If we admire the rich man, praise him and follow after him, where is he leading us? Down the Way of Life? Or the Way of Death?

If I preach the right of a rich man to his money
what am I saying to the One who said "sell your possessions and give to the poor"?


Footnotes:

  1. Wikipedia: Ephrem, Primary Source Available Online; Chapter 16. Concerning St. Ephraim.
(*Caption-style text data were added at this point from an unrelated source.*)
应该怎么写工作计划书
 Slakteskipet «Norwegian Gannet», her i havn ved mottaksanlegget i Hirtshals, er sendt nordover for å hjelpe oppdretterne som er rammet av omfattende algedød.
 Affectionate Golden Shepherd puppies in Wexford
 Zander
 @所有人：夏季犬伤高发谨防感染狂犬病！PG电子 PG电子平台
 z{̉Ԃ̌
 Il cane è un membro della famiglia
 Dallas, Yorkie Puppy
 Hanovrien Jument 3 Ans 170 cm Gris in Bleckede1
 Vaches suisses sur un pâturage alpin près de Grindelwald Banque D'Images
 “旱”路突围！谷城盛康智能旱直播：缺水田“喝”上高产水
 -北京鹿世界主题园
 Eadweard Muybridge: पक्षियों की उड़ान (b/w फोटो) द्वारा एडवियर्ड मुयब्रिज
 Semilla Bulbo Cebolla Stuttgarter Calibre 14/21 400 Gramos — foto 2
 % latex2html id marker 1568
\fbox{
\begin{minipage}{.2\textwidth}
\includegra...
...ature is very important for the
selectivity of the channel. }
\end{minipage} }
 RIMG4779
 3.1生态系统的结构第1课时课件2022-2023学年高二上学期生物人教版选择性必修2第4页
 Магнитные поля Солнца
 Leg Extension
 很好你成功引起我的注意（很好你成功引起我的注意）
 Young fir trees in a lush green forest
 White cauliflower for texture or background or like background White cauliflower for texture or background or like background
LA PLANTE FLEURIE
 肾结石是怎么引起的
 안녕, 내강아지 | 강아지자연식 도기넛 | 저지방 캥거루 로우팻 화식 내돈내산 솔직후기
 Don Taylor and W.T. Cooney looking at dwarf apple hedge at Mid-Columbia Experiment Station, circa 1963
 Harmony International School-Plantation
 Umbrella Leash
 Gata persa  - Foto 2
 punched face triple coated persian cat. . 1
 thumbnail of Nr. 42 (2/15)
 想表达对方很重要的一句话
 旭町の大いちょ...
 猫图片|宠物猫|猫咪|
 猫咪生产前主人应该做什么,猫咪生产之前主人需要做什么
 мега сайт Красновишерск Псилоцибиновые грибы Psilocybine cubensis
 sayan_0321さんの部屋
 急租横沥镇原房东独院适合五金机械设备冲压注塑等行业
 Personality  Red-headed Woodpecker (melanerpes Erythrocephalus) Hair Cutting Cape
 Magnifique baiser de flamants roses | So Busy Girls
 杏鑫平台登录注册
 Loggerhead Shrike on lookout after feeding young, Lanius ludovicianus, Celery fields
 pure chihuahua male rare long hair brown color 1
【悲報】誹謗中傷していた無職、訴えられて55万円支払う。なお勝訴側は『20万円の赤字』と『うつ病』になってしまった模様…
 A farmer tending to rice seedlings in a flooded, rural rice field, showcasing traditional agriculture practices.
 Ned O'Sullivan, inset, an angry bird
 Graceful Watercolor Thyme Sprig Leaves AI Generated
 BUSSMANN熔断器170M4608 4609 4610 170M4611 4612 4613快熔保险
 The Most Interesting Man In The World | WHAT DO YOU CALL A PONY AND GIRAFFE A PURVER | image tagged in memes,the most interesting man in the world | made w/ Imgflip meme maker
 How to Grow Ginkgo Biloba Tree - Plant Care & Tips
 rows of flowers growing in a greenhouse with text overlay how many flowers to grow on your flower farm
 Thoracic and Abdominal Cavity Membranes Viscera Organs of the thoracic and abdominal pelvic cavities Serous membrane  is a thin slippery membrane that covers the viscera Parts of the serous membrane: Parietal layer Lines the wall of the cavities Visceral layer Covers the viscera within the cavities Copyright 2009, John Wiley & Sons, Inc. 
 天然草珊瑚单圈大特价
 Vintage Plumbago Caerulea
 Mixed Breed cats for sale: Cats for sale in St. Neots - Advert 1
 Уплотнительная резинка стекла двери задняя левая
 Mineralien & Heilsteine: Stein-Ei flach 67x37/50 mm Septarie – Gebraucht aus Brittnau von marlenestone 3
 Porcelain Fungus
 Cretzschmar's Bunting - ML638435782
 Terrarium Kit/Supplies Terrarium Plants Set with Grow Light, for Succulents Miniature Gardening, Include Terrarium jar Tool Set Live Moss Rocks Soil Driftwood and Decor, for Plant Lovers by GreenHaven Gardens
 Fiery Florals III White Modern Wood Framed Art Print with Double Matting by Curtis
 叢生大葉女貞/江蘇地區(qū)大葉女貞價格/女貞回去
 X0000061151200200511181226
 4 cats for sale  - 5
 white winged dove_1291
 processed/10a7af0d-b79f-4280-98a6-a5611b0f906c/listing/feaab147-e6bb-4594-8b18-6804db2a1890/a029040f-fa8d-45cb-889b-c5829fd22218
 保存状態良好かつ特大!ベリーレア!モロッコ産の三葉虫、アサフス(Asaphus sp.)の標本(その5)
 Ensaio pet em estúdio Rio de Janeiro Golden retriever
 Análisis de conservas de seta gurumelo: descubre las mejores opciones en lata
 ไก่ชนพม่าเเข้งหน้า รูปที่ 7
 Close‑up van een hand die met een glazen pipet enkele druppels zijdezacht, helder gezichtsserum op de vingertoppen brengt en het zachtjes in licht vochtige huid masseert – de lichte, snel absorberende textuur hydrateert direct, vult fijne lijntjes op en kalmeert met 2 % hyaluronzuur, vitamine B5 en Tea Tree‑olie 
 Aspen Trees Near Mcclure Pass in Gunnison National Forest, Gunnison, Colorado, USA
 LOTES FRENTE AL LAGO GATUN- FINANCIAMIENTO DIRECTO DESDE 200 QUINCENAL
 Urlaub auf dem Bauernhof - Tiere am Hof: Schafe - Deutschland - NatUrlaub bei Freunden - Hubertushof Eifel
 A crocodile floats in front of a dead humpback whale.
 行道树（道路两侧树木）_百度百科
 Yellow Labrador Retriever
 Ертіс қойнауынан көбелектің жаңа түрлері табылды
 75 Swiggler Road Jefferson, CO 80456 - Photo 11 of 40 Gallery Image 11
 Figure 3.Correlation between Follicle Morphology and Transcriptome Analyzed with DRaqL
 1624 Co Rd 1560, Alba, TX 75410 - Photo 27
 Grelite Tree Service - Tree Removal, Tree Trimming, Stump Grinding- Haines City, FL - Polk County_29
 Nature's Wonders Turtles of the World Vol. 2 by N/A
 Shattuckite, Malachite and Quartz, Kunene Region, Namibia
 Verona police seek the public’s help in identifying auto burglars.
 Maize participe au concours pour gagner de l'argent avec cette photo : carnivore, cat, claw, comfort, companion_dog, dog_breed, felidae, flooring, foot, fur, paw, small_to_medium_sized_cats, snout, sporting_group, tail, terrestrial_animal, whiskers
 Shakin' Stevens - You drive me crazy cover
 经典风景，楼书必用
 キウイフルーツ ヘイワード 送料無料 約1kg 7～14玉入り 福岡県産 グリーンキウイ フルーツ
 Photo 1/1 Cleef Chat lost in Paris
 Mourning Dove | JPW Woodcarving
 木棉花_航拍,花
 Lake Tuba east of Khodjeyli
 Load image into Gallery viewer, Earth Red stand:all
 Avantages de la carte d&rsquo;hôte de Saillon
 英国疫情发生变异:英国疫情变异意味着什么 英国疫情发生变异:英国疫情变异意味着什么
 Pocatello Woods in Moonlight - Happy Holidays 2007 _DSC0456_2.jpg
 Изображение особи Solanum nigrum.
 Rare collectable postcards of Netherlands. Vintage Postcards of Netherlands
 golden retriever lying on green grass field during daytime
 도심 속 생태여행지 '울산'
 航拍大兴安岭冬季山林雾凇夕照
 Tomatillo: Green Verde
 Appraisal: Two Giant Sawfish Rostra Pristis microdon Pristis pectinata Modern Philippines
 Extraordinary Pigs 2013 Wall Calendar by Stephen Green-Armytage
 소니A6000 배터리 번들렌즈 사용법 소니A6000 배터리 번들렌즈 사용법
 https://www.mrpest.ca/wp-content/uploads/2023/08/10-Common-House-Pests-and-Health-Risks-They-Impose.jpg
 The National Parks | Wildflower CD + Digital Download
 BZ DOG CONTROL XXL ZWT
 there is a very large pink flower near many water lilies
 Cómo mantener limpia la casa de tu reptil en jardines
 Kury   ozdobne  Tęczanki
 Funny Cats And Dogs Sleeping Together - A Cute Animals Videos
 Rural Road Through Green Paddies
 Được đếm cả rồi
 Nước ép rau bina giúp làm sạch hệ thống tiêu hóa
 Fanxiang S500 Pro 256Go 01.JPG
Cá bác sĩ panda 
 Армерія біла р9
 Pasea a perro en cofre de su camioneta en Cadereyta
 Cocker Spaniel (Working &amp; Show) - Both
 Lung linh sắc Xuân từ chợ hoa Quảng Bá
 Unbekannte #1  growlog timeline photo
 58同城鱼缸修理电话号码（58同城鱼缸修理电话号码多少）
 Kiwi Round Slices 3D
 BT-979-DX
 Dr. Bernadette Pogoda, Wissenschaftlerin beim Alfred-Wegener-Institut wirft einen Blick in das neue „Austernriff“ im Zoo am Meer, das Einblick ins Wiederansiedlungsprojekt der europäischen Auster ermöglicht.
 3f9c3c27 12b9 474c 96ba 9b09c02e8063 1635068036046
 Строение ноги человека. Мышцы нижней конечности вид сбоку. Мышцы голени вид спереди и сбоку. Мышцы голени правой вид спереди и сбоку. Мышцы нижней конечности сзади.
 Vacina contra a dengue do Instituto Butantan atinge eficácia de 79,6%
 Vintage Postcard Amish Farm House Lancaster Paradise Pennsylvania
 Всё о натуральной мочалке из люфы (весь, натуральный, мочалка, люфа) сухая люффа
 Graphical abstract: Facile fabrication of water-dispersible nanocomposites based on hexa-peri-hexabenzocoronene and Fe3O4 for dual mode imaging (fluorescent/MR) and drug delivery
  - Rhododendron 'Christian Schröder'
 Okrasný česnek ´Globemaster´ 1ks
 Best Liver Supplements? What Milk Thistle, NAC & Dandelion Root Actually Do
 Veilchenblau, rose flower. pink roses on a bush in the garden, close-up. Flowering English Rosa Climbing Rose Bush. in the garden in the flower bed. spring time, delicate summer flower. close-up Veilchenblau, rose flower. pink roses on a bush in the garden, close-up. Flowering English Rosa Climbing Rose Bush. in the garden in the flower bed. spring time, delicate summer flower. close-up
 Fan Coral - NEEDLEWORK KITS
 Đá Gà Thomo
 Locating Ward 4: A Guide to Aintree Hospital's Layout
  2. Polycarp to the Philippians 10, quoting Tobit, an apocryphal book quoted by a number of early church leaders as scripture. Tobit 4:10

  3. For an extended look at this idea see Jesus and the Forces of Death

  4. "Now, you are obviously very far from having observed one commandment at least, and you falsely swore that you had kept it, namely, that you’ve loved your neighbor as yourself. For see: the Lord’s commandment proves you to be utterly lacking in real love. For if what you’ve claimed were true, that you have kept from your youth the commandment of love, and have given to each person as much as to yourself, how has it come to you, this abundance of money? For it takes wealth to care for the needy: a little paid out for the necessity of each person you take on, and all at once everything gets parceled out, and is spent upon them. Thus, the man who loves his neighbor as himself will have acquired no more than what his neighbor has; whereas you, visibly, have acquired a lot." -- Basil To The Rich (I think in the Biblical text, and to some extent in Basil, we see the critique of wealth aimed primarily at those who no longer have "dirt under their fingernails". People who live entirely on the rents and labor of others. By contrast, for example, Boaz is clearly wealthy, but we see him working with his labors and sleeping in the barn.)